January 1, 2015 2 Comments

Introduction

Cloud-based blob storage solutions are abound and Amazon Web Services (AWS) is the leader – or one of the leaders – in that area. Amazon S3 (Simple Storage Service) provides a “secure, durable, highly-scalable object storage” solution, as it is stated on the homepage. You can use S3 to store just about any type of file: images, text files, videos, JAR files, HTML pages etc. All files are stored in a key-value map, i.e. each file has a key where the file itself is the value.

Purpose of S3

S3 is often used to store static components of web pages such as images or videos. S3 can be integrated with other Amazon components such as RedShift and Elastic MapReduce. It can also be used to transfer large amounts of data from one component to another.

However, in this series we’ll be concentrating on a slightly different but very specific usage: saving, deleting and checking for the existence of text based storage files. S3 can function as an important building block in a Big Data analysis system where a data mining application can pull the raw data from an S3 bucket, i.e. a container of files.

In S3 you can organise your files into pseudo-folders. I wrote “pseudo” as they are not real folders like the ones we create on Windows. The are rather used as visual containers so that you can organise your files in a meaningful way instead of putting all of them under the same bucket. Examples:

s3:\\sales\january-2015\monthly-sales.txt
s3:\\sales\february-2015\monthly-sales.txt

“sales” is the top bucket, “january-2015” is folder and then we have the file itself. You are free to create subfolders within each folder and subfolders within the subfolders etc.

Keep in mind that S3 is not used for updates though. Once you’ve uploaded a file to S3 then it cannot be updated in a one-step operation. Even if you want to edit a text file there’s no editor for it. You’ll need to delete the old file and upload a new one instead.

Amazon have also done a great job at providing SDKs for a range of platforms, like .NET, Java, Python etc. Programmatic access to S3’s services is equally available.

As with many other Amazon components don’t assume that S3 can only be used with other Amazon components. Any software capable of executing HTTP calls can use to access S3: Web API, .NET MVC, iOS, Java desktop apps, Windows services, you name it.
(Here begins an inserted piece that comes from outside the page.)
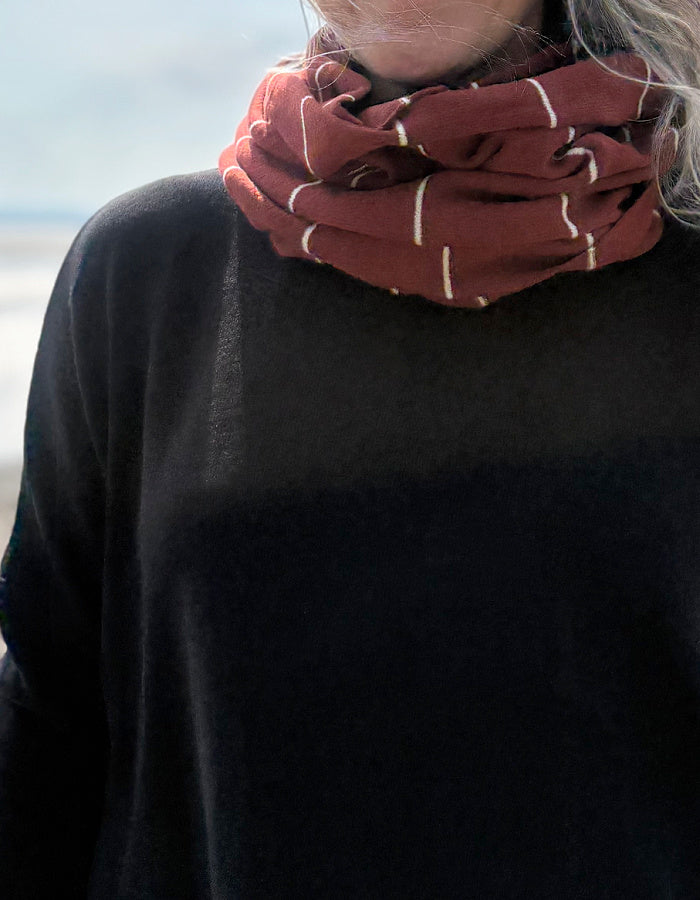 Person wearing a red snood with white stripes against a blurred background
Mixed architecture is quickly becoming the norm nowadays and S3 can be used both as part of a mixed solution or as an Amazon-only architecture.

Goals of this series

The goals of this series are two-fold:

Provide basic UI and programmatic knowledge to anyone looking for a fast, cheap, reliable and scalable cloud-based blob storage solution
Tie in with the previous series about another Amazon service called Kinesis which provides a reliable message queue service as entry point to a Big Data data mining system. We’ll take up S3 as an alternative for raw data storage towards the end of the series. The series on Kinesis ended where we stored the raw data on a local text file – we’ll replace it with S3 based storage

I’ll try to keep the two goals as separate as possible so that all readers with different motivations can follow through – those of you who are only interested in S3 as well as those that will see the greater picture.

I’ll assume that you have at least a test account of Amazon Web Services including the necessary access keys: an Amazon Access Key and a Secret Access Key. You’ll need to sign up with Amazon and then sign up for S3 within Amazon. You can create a free account on the S3 home page using the Create Free Account link button:

Amazon has a lot of great documentation online. Should you get stuck you’ll almost always find an answer there. Don’t be afraid to ask in the comments section below.
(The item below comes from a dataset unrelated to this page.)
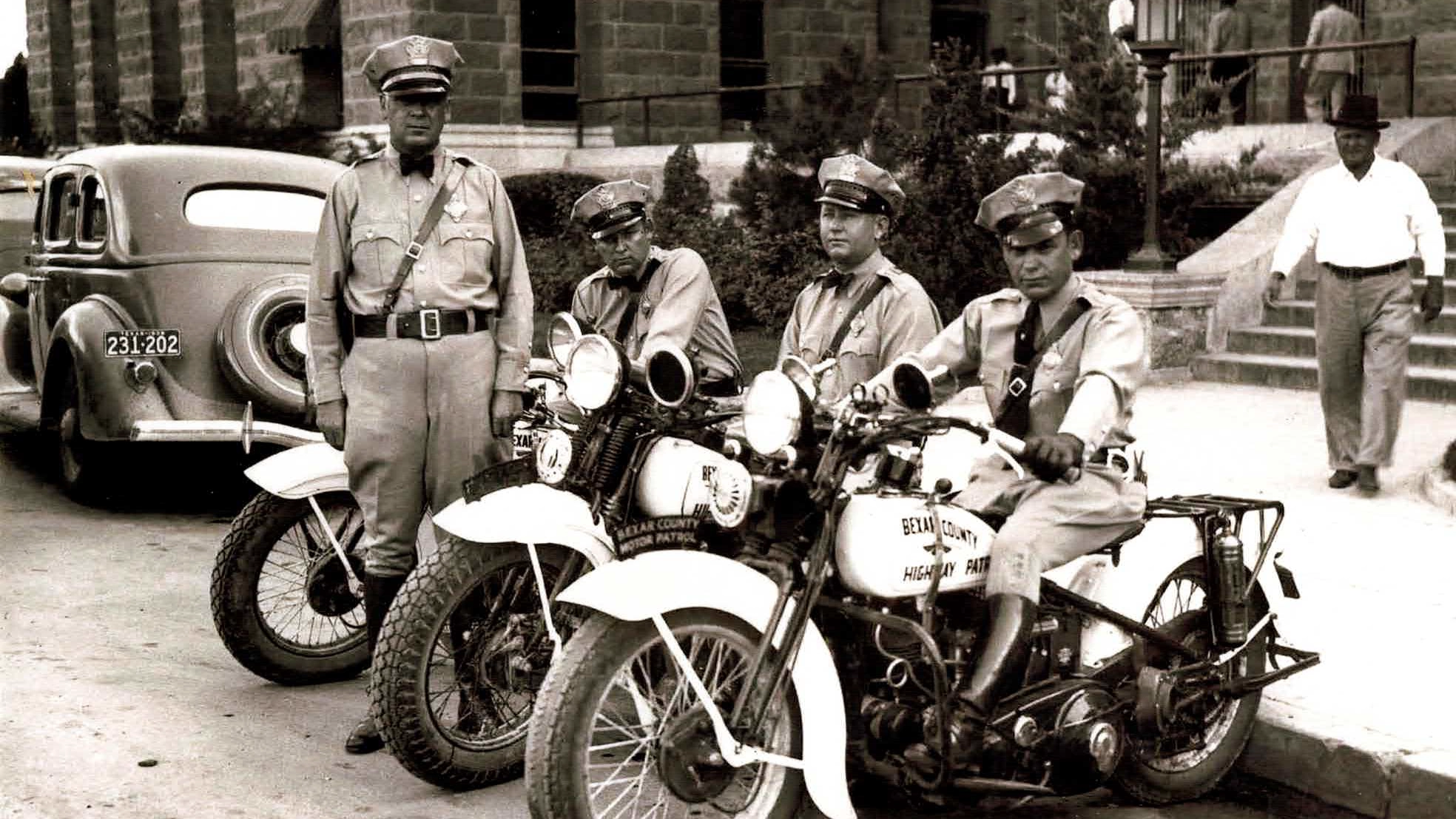 Vintage photograph of Bexar County Highway Patrol on motorcycles.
In this post we’ll take an easy start and go through some of the visual aspects of S3.

S3 GUI

Log onto AWS and locate the S3 service link:

Before we go anywhere it’s important to mention regions in Amazon. A region in Amazon Web Services is the geographical location of the data centre where your selected service will be located. E.g. if you create a cloud-based server with Amazon EC2 in the region called US East then the server will be set up North Virginia. It doesn’t mean that your home page deployed on that server won’t be reachable anywhere else, it only means the physical location of the service. So if you’re expecting the bulk of your customers to come from Japan then it’s wise to set up the first web server in the region called Asia Pacific (Tokyo). Also, if you set up a service in e.g. EU (Ireland) on the AWS UI, then log out and log in again, your service may not be visible at first. A good guess is that you need to select the correct region. The region is indicated in the URL, e.g.:

https://console.aws.amazon.com/s3/home?region=eu-west-1#

…where “eu-west-1” stands for EU (Ireland). You can normally select the region in the top right hand corner of the Amazon UI where you’ll see the user-friendly names of the regions.
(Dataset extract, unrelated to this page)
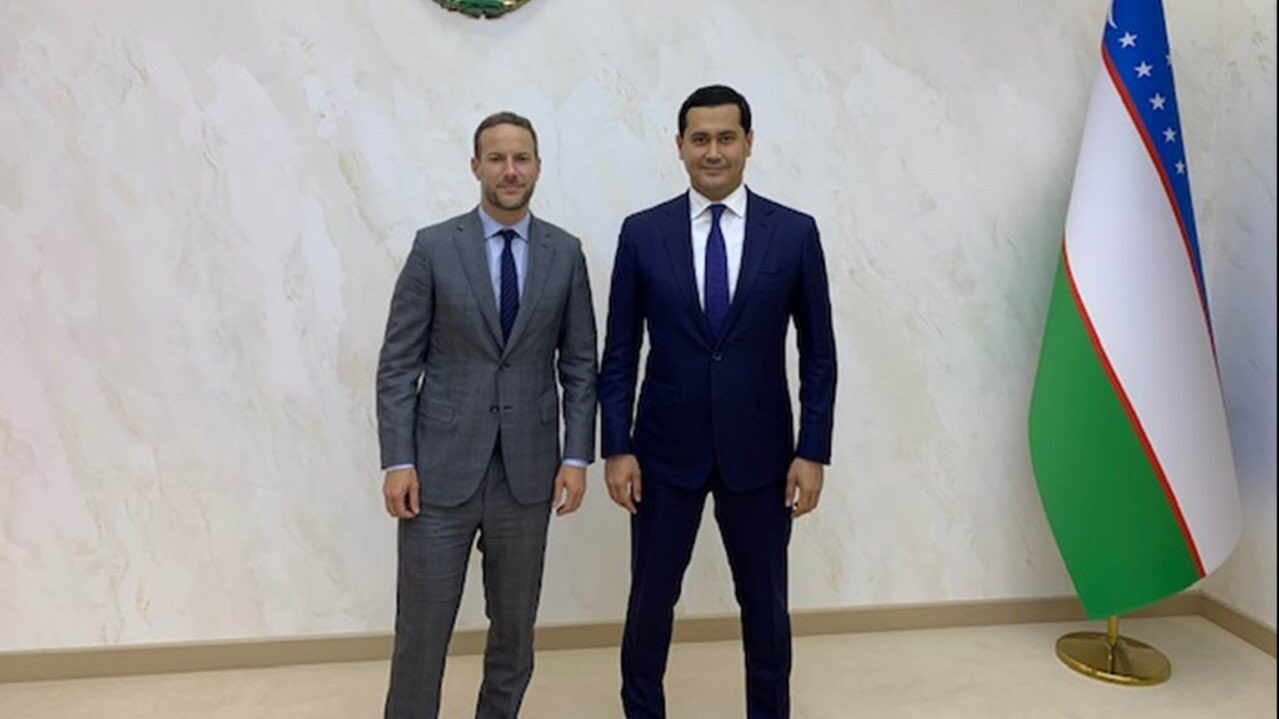 Bulgariens Premierminister und Außenminister, beide im Anzug, stehen lachend nebeneinander vor einer Flagge, mit einem Flaggenständer rechts daneben und einem Objekt an der Wand im Hintergrund.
Regions are important for virtually all the components in AWS. Take a wild guess, which component is an exception. Check out the top right hand corner of the S3 screen:

So regions don’t play the same role here as in other components in the AWS product offering. However, the selected region can still be used to “optimize for latency, minimize costs, or address regulatory requirements” as it says in the Create a Bucket windows we’ll soon see.

You’ll see that by default the screen will show all the top buckets:

Let’s try a couple of things to get our hands dirty. Click on the Create Bucket button. Give the bucket a name, select the nearest region to your location and press Create. We’ll skip logging right now:

The bucket is quickly created:

On the right hand side of the screen you can set various properties of the bucket such as logging and security:

We won’t go into them at all otherwise this series will lose its scope. The default values are usually fine for most purposes. If you ever need to modify the settings, especially those that have to do with permissions, then consult the AWS documentation of S3.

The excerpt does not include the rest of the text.